Good morning, Readers!
Picture
Image courtesy of Simone VomFeld from Pixabay.
So… I fell off the blogging wagon yet again. This is not good. It seems I’m still struggling to find a rhythm. This is telling me that I’m pushing too far too fast and I need to slow down yet further. For me, this is incredibly frustrating. I feel like I am already going very slow with this whole recovery from a major life change thing I’m supposed to be doing.

Maybe it’s not that I need to slow down at all. Maybe it’s that I need to start pushing myself. Maybe I need to start applying some of that self-discipline that got me working so well in the before times.

It’s incredibly difficult to tell, really. I don’t want to drag myself to the burnout zone, which I have definitely done before, ruining my recovery. But I’m also feeling anxious that I’m not doing enough, and I’m incredibly annoyed at myself for not having my shit together more.

I should have more paintings done. I should have finished the writing thing I’m working on. I should be setting up my advertising schedules for my books for the rest of this year. I should be getting proficient with my guitar. I should be starting conversational French. None of theses things have been happening. 

The only thing I’ve reclaimed for myself happens to be martial arts. I got back to training this summer, and teaching as well, and that schedule has largely worked (though there were some instances where I couldn’t make it to training for various reasons; meaning I’ve missed a fair number of classes this summer (though small, that number would have horrified me in the before times)).

I’m really looking forward to later this month, when training resumes (we’re on a break now). Even better, I get to teach three classes this September, all women’s only (beginner and intermediate kickboxing, and kung fu). I’m really looking forward to that. I adore teaching these classes.

I’m not just ranting about all of my inabilities and failures. There is a reason for this. And it does relate to the title, I promise.

Ottawa ComicCon.

I will not be there. I originally did have a table, and I was quite excited to be out in the world again. That excitement has soured some.

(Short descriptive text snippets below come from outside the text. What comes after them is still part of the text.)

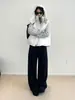 Colete de algodão com capuz estilo coreano, moda petite, estilo curto, jaqueta de design casual para outono e inverno 2026, moderno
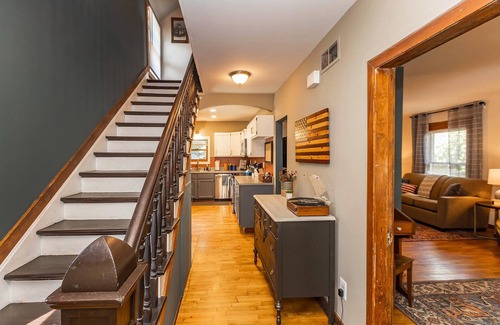 Manhattan House | 2 King Beds! Center of town! Pet friendly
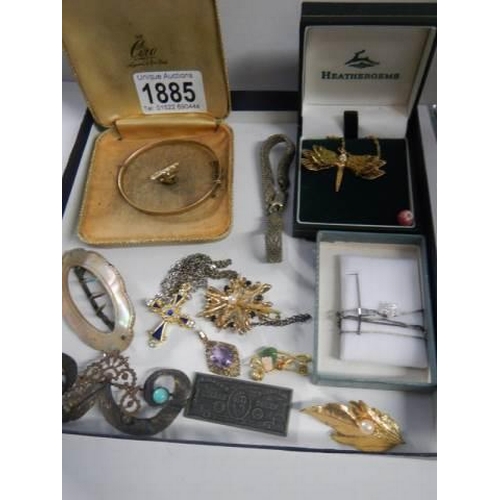 1885 - A good lot of assorted costume jewelry.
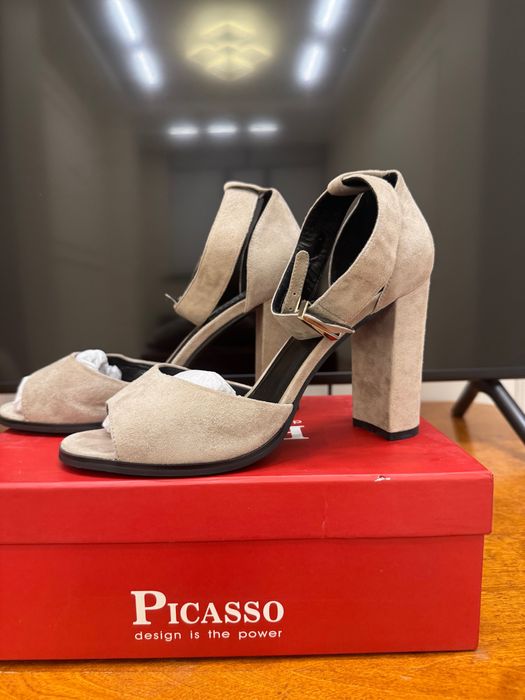 Босоножки фирмы Picasso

You see, the folks behind Ottawa ComicCon have declined to implement a mask mandate, despite this being a large function which usually means tonnes of people packed into enclosed spaces. It spikes my anxiety enough ordinarily (thank heavens I have a table to hide behind), but in the current climate, with an airborne viral pandemic that has not gone away — in fact, roughly three times more people in Ontario have died to the disease this summer compared to 2019 — it presents simply too much for me to be able to handle.

I am not mentally or emotionally prepared to face crowds of people unmasked. If I caught something there and brought it back to the people I love, I would forever be plagued by unfathomable guilt and deep, deep resentment.

This is by far the biggest reason I won’t be having a table there this year.

But there is another reason.

I’m not physically prepared. Thanks to my absolute inability to get my act together, I just don’t have the stock to fill a table. I wanted my table to be filled with paintings, with leather crafting stuff, and small sculptures. I wanted to be able to sit behind my table and be proud of what was there.

I can’t do that. I don’t have the paintings I wanted. I have no new leatherwork items, and absolutely no sculptures whatsoever. I don’t have the stock to justify having a table. And I don’t have the mental and emotional capacity to face maskless crowds for an entire weekend.

I’m quite sad to be missing it, truth be told. I love being amongst my fellow nerds, nerding out over all the cool things.

But I’m not ready yet.

And, if I’m honest, I’m not likely to be missed. Few people know my writing, fewer still care about it (and boy are those few precious to me!). I doubt there is anyone coming to Ottawa ComicCon to see me. Thank goodness. That does take a lot of pressure off.

In case there is anyone who was looking forward to my presence at Ottawa ComicCon, I’m really so sorry. I just don’t have the capacity. But I’ve made a commitment to CanCon this year (which have implemented a vaccine and mask mandate, relieving me of much of the anxiety around being out and about in an enclosed public space). I won’t have the stuff I would like for my table there, but there will be more stuff than I currently have. It’s in October, and due to Covid they’re restricting the in-person numbers this year. If you’re desperate to come see me this year, I will be there.

Alright, that’s the update for today. I have work to do so, for now, I’m off.

​Ciao!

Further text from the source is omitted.